Estimating Monthly Escrow Payments

QUESTION
We have a rather unusual question regarding monthly escrow payments.

As a result of an internal audit, we found out that we had procedural issues with the estimated escrow payments, in that there were inaccuracies which the borrower would not learn about until after the closing, maybe much later.

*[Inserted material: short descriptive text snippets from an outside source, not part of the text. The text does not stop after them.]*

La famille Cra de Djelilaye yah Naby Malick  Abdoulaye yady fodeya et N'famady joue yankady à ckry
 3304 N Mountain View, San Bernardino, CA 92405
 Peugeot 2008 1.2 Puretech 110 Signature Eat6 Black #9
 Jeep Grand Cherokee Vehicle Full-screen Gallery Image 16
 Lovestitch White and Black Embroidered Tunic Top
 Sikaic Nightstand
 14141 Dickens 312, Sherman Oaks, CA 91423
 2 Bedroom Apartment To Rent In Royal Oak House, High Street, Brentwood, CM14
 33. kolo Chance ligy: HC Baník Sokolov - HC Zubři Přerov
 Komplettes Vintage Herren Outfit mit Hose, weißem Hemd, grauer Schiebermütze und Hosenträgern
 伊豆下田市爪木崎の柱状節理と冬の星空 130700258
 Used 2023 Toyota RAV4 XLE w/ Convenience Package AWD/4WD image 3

So, we would like to know what is our risk exposure when the monthly escrow payment estimate is inaccurate until after closing?

ANSWER
The answer is more complicated than it may seem. We will take a brief Regulatory Tour of the so-called Escrow Rule. Then, we’ll discuss what is involved in Estimating Escrows. After that, we'll check out a Case that may provide further understanding. And we'll finish it off with an Observation

A Regulatory Tour

TILA’s section 129D was added by Dodd-Frank. Generally, the section requires a creditor to establish an escrow account for a consumer credit transaction secured by a first lien on the consumer’s principal dwelling if one of four conditions pertains:
1) federal or state law requires an escrow account;
(2) the loan is made, guaranteed or insured by a state or federal governmental lending or insuring agency;
(3) the loan is not a jumbo mortgage and its APR will not exceed 1.5% plus the average prime offer rate (APOR) or the loan is a jumbo mortgage and its APR exceeds 2.5% plus the APOR; or
(4) a regulation requires an escrow account. TILA § 129D makes clear that it does not prohibit the establishment of escrow accounts for other transactions on terms mutually agreeable to the parties, at the discretion of the lender or servicer in accordance with contractual terms, or pursuant to flood insurance requirements.
Section 129D also requires the creditor to disclose for a mortgage loan secured by a first lien on the principal dwelling of a consumer 
"the estimated monthly amount payable to be escrowed for taxes, hazard insurance (including flood insurance, if applicable), as well as any other required periodic payments or premiums on the property unless a new escrow or impound account is established." 
In 2013, the CFPB implemented TILA’s section 129D in its "Escrow Rule," which generally amended Regulation Z’s section 1026.35(b) to replace and expand the existing higher-priced mortgage loan (HPML) escrow requirement for first-lien HPMLs. Regulation Z limits the general escrow requirement to first-lien HPMLs.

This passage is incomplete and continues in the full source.